Le célibat a apporté deux choses dans ma vie : des envies nocturnes de crème glacée, et du temps pour regarder des séries. Ces deux pratiques se passant au lit, bien entendu.

Alors j’ai découvert cette chaine de fast Food qui s’appelle DQ. C’est un peu comme un Burger King ou un Mc Donald’s, rien de bien exceptionnel si ce n’est que 1/ c’est en face de mon lieu de travail et 2/ ils proposent un choix infini de choses à mettre dans ta crème glacée. La ou les Mc Flury ne se déclinent qu’en version Oreo, M&m’s et Daim, DQ propose pas moins de 15 gâteaux, confiseries et nappages à combiner les uns aux autres. Les serveurs, excellents en terme de relation interpersonnelle, t’assurent que ce n’est pas MAL de mélanger Oreo, pate a cookie et Reese dans un seul pot de glace : non, c’est BON, c’est délicieux, vous ne le regretterez pas ! Faites-vous plaisir, vous l’avez bien mérité avec votre journée de travail.

Donc chaque soir vers 22h30, après mon shift au resto, je discute de longues minutes avec l’un des serveurs rassurants à propos de la meilleure combinaison possible. Puis, boostée par leurs propos bien rodés, je me lance a toute berzingue dans une aventure gustative insensée et politiquement incorrecte jusqu’à mon lit ou, à défaut d’un homme, m’attend mon PC pour un visionnage tardif de Sex and the City.

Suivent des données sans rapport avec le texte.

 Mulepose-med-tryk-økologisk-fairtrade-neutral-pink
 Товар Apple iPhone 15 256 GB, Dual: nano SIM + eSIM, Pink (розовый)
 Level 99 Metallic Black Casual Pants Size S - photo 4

Oui d’accord, cette série a été tournée du temps où les tours jumelles de New York en constituaient encore la figure emblématique. J’ai 10 ans de retard, comme d’habitude, mais je dois dire qu’à l’époque j’étais tout simplement trop jeune pour comprendre le génie de ce scenario. Aujourd’hui, non seulement je comprends les préoccupations de ces femmes, mais je les comprends d’autant plus que je vis moi aussi en Amérique du Nord. Et les filles, sachez une chose : être une européenne ici, en terme de relation hommes-femmes, ça n’a RIEN à voir avec ce qu’on connait sur le vieux continent.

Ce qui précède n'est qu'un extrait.